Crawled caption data

#####

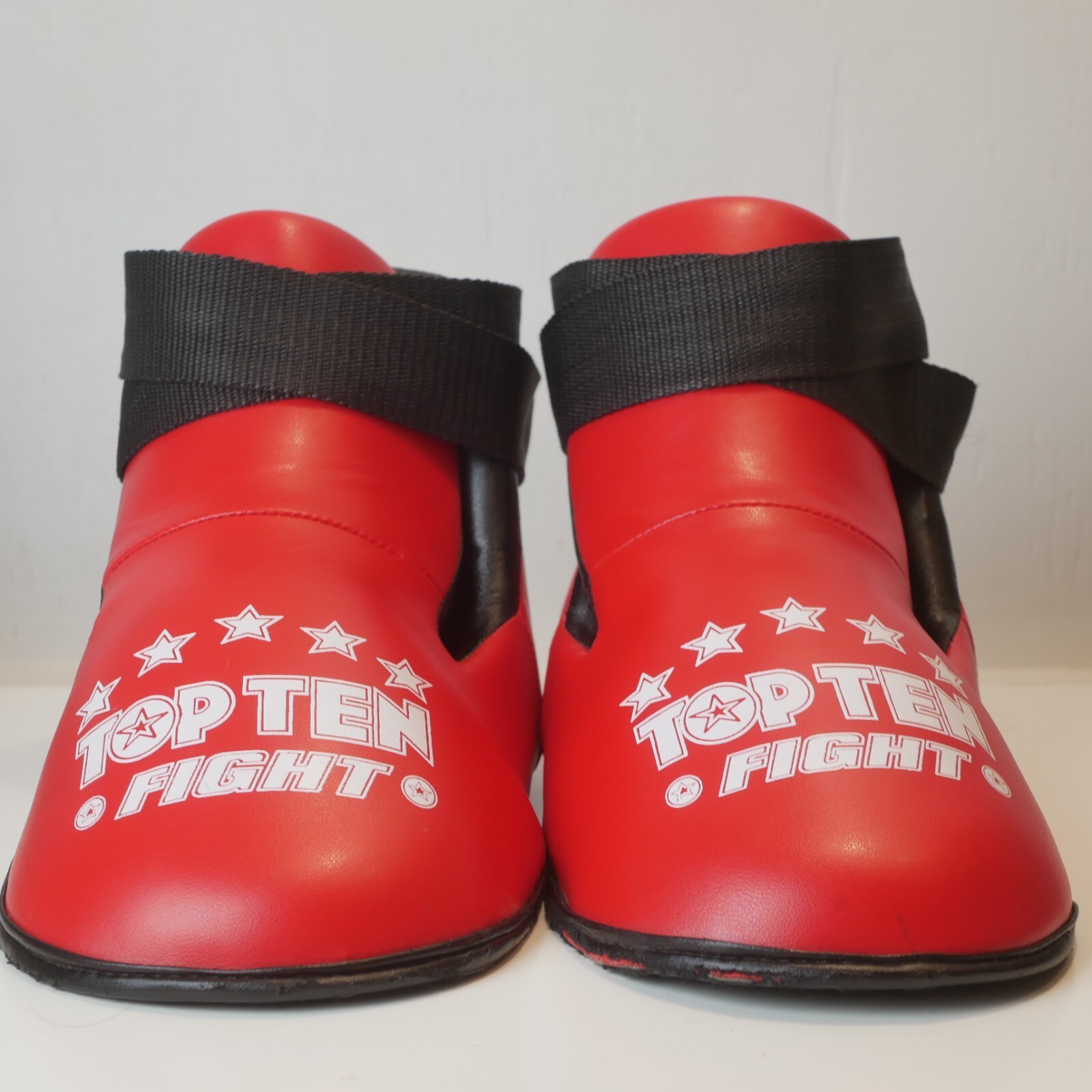 Top Ten Fight Kick Foot Pads Kickboxing Karate Sparring Pads [SMALL] eBay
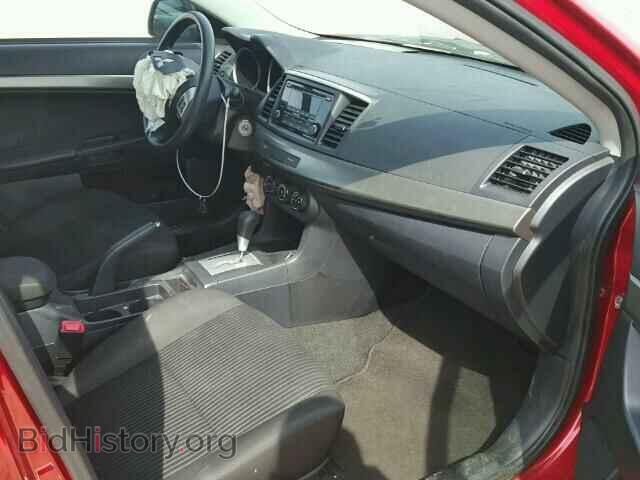 2014 MITSUBISHI LANCER - VIN: JA32U2FU1EU009274 - Фото 5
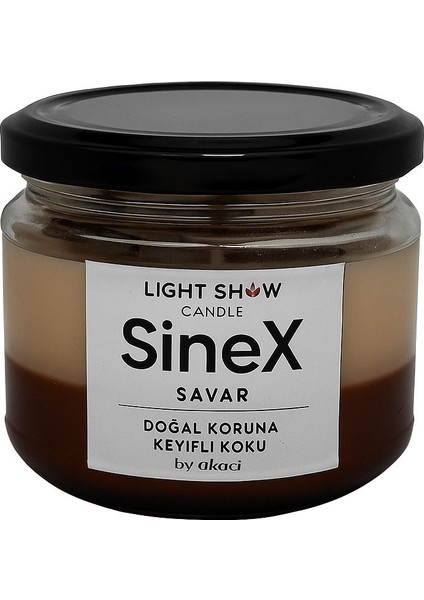 Sinex Savar (Kahve&karanfil Kokulu)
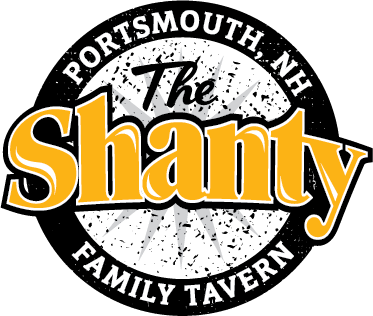 The Shanty – Portsmouth Menu – The Shanty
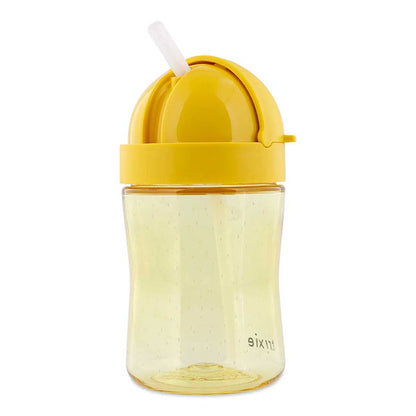 Vaso Pajita León Trixie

#####

* **TASK STATEMENT**
The reply has to reproduce every line above verbatim and contain no pictures.

* **OUTPUT BELOW**
 Top Ten Fight Kick Foot Pads Kickboxing Karate Sparring Pads [SMALL] eBay
 2014 MITSUBISHI LANCER - VIN: JA32U2FU1EU009274 - Фото 5
 Sinex Savar (Kahve&karanfil Kokulu)
 The Shanty – Portsmouth Menu – The Shanty
 Vaso Pajita León Trixie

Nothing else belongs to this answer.